II Всесоюзный съезд советских писателей (1954 г.). Слева направо: Сергей Смирнов, Георгий Гулиа, Расул Гамзатов, Камиль Султанов
Совместный проект МГУ имени М.В. Ломоносова и "Литературной газеты" дебютировал статьёй М. Голубкова «Время держать ответ» («ЛГ» № 6, 2015), который затронул актуальный вопрос о тревожных последствиях «геологического изменения культурного статуса литературы» в постсоветскую эпоху. Эти последствия не могли не повлиять и на состояние литератур народов России, оказавшихся на периферии общественного и научного интереса.

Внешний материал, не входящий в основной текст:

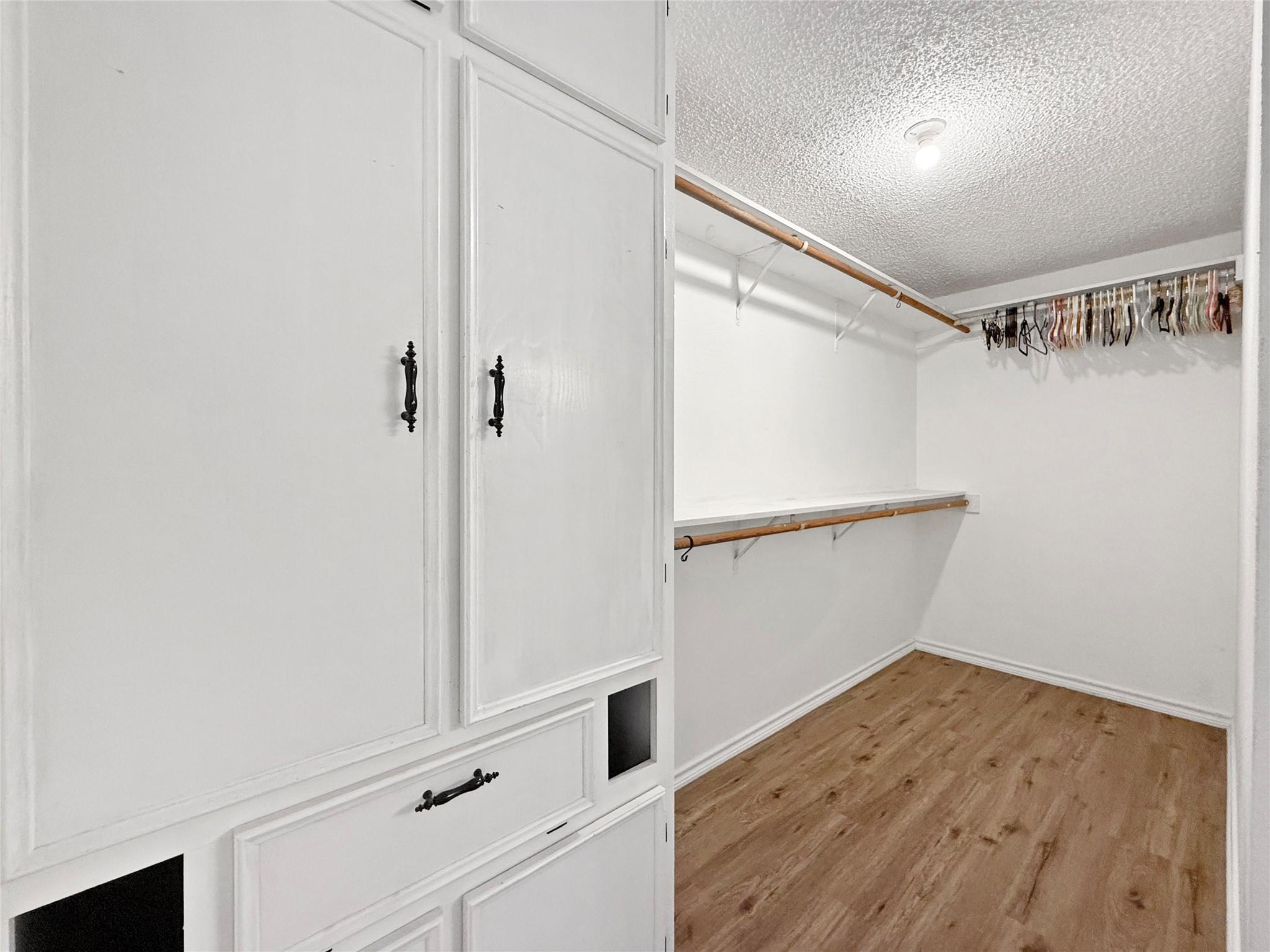 15211 Fitzhugh Rd #b - Back Cabin Property Photo 13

Если бы мы с большим вниманием относились к их поучительному опыту неантагонистического сосуществования в истории, то могли бы с большей адекватностью реагировать на периодически вспыхивающий конфликт ценностей при очередном обострении «национального вопроса».

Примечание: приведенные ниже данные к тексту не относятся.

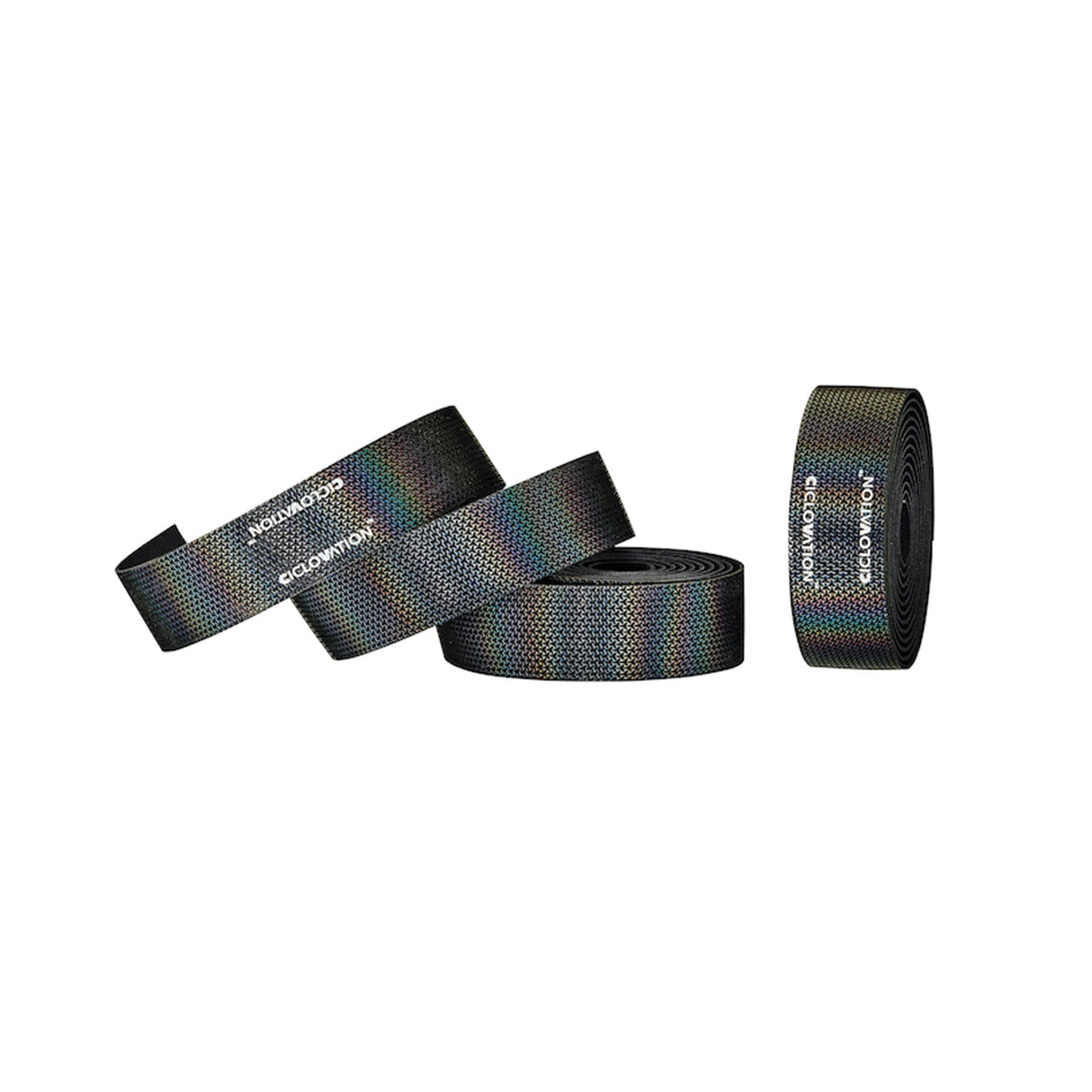 Ciclovation Seitex Flash Bar Tape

Этот опыт нуждается в обновлённом перечитывании и переосмыслении с учётом современных тенденций и научных новаций. Как сегодня соотносятся идентичность и диалог, этнокультурная уникальность каждой литературы и российский цивилизационный контекст, национальное самосознание и культурные универсалии? Традиционная роль-миссия русской литературы быть центром притяжения, школой духовного повзросления для национальных литератур - какие формы принимает она в XXI веке?
В Год литературы стоит серьёзно и без скидок подумать о том, что эти и другие, не менее злободневные вопросы останутся риторическими без повышения уровня современного изучения литератур народов России, без отказа от накопившихся штампов. Есть на этом пути и обнадёживающие сдвиги. В рамках недавней конференции на филологическом факультете МГУ «Русская литература XX–XXI веков как единый процесс» работала отдельная секция, посвящённая литературам народов России: впервые эта проблематика включена в пространство «единого процесса». Кафедра истории новейшей русской литературы и современного литературного процесса не только организовала конференцию, но и нашла место в своих учебных планах для полноценного лекционного курса по литературам народов России.
Вниманию читателей предлагается статья давнего автора «ЛГ».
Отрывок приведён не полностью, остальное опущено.